**What this task involves:** Give again, exactly and only, the lines running from the one with "Pemberly Row Modern" to the end of the material below; leave out pictures.
>>>
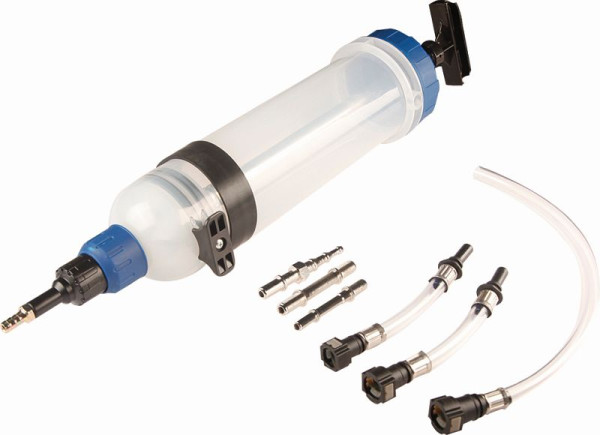 Pompa per vuoto Kunzer 1,5 litri Include 5 adattatori per aspirazione e riempimento liquidi del veicolo, 7VP01.1
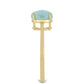 Goldplattierter Silberring mit Larimar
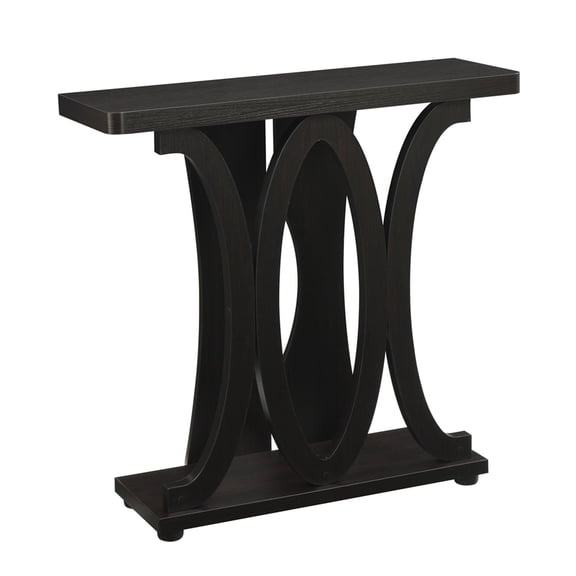 Pemberly Row Modern Console Table in Espresso Wood Finish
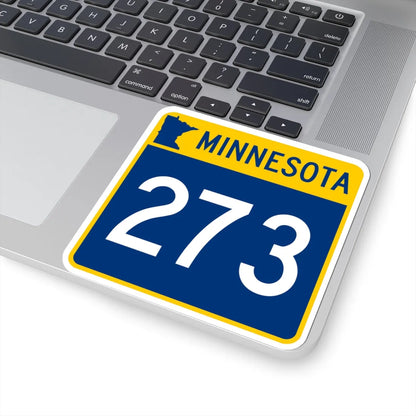 MN-273 (Minnesota) (Road Sign) STICKER Vinyl Kiss-Cut Decal - The Sticker Space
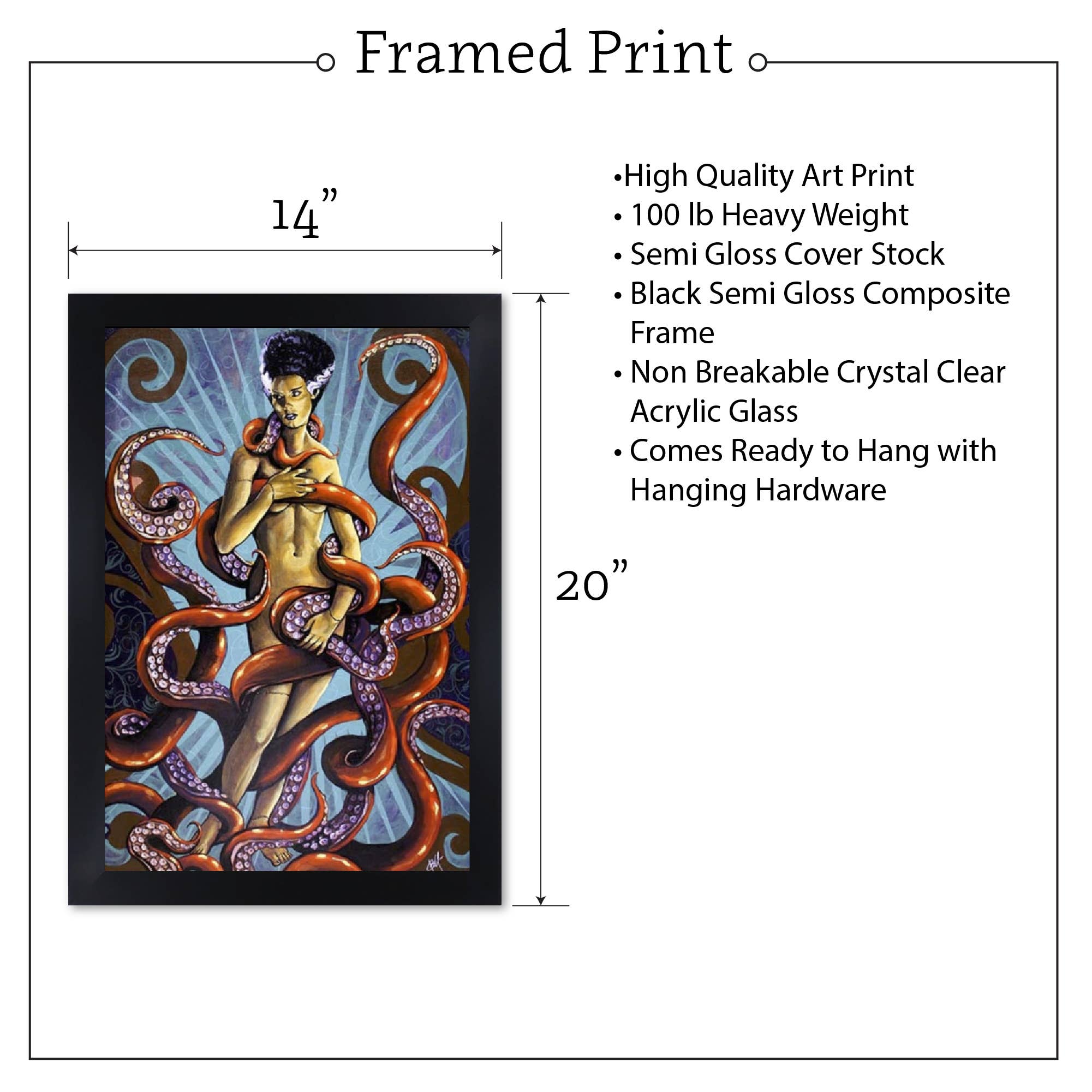 The Birth of the Bride - Art Print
<<<
**Answer:**
 Pemberly Row Modern Console Table in Espresso Wood Finish
 MN-273 (Minnesota) (Road Sign) STICKER Vinyl Kiss-Cut Decal - The Sticker Space
 The Birth of the Bride - Art Print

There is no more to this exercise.